The Cleveland Museum of Art (CMA) presents an important exhibition by one of America's foremost artists, Jasper Johns (born 1930), which is the first in-depth exploration of his use of Numbers as a subject.

Thirty-nine pieces between 1955 and 1996 lent by the artist, private collectors and museums in the United States and Europe will show how Johns treats a similar theme in subtle variations using a variety of media. Jasper Johns: Numbers will be on view through Jan. 11, 2004, then continues to the Los Angeles County Museum of Art (February 1 ­ April 18, 2004).

Jasper Johns: Numbers was inspired by the Museum's 2001 acquisition of a set of charcoal drawings by Johns, Ten Numbers (1960). The CMA's Curator of Drawings Carter Foster and guest curator Roberta Bernstein, professor of art history at the State University of New York, Albany conceived the show as a focused, carefully chosen group of objects that elucidate the subtlety and complexity of Johns's treatment of this motif throughout his career.

CMA Director Katharine Lee Reid says, "We are proud to offer this in-depth and appealing exhibition of Jasper Johns's rich and complex Numbers."

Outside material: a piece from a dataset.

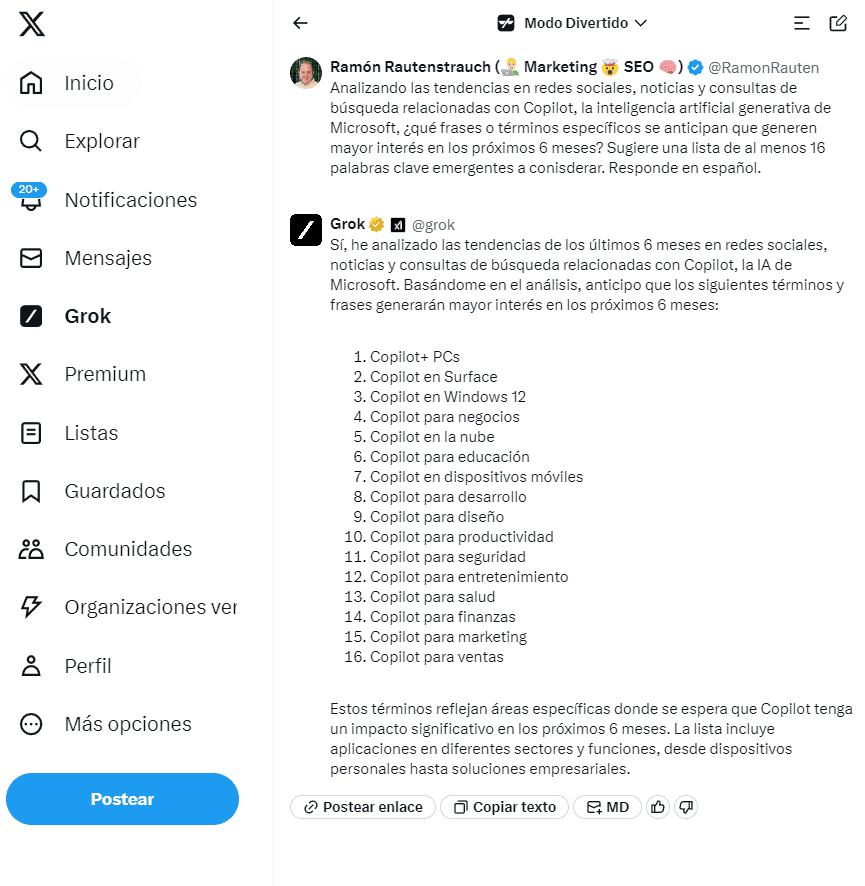 Grok generando contenidos en tendencia para Microsoft Copilot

John's art had its roots in earlier modern movements, including Cubism, Dada and Surrealism. At his first exhibition in 1958 at the Leo Castelli Gallery in New York, his images of flags, targets, alphabets, maps and numbers marked a return to subject matter at a time when abstract painting was still at the forefront of the New York art world. Johns's number and alphabet motifs, like his flags and targets, are commonly known "flat signs," and his choice of them as a primary subject for his work is one of the most famous chapters in postwar art history. His transformation of everyday symbols into art objects reflects his interest in the nature of language and perception and his technical finesse and virtuosity result in pieces of stunning beauty and visual presence.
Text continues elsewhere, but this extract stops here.